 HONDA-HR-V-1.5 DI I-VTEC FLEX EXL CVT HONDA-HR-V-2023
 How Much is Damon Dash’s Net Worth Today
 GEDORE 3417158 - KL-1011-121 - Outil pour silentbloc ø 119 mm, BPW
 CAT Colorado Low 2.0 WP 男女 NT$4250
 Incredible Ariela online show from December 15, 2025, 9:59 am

* * *

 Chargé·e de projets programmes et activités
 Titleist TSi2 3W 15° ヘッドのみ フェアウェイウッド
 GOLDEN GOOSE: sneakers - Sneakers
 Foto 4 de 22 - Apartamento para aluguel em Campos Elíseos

==

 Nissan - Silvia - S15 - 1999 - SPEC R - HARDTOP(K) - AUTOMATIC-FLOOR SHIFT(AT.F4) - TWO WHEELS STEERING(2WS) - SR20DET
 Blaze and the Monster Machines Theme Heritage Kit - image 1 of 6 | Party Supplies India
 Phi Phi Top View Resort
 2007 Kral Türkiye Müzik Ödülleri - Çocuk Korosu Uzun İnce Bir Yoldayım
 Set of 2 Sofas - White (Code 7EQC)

** WHAT IS EXPECTED **
From the records above, print exactly the lines that run from the line with "HONDA-HR-V-1.5 DI I-VTEC" to the line with "Incredible Ariela online", inclusive.

** SOLUTION TO THIS PROBLEM **
 HONDA-HR-V-1.5 DI I-VTEC FLEX EXL CVT HONDA-HR-V-2023
 How Much is Damon Dash’s Net Worth Today
 GEDORE 3417158 - KL-1011-121 - Outil pour silentbloc ø 119 mm, BPW
 CAT Colorado Low 2.0 WP 男女 NT$4250
 Incredible Ariela online show from December 15, 2025, 9:59 am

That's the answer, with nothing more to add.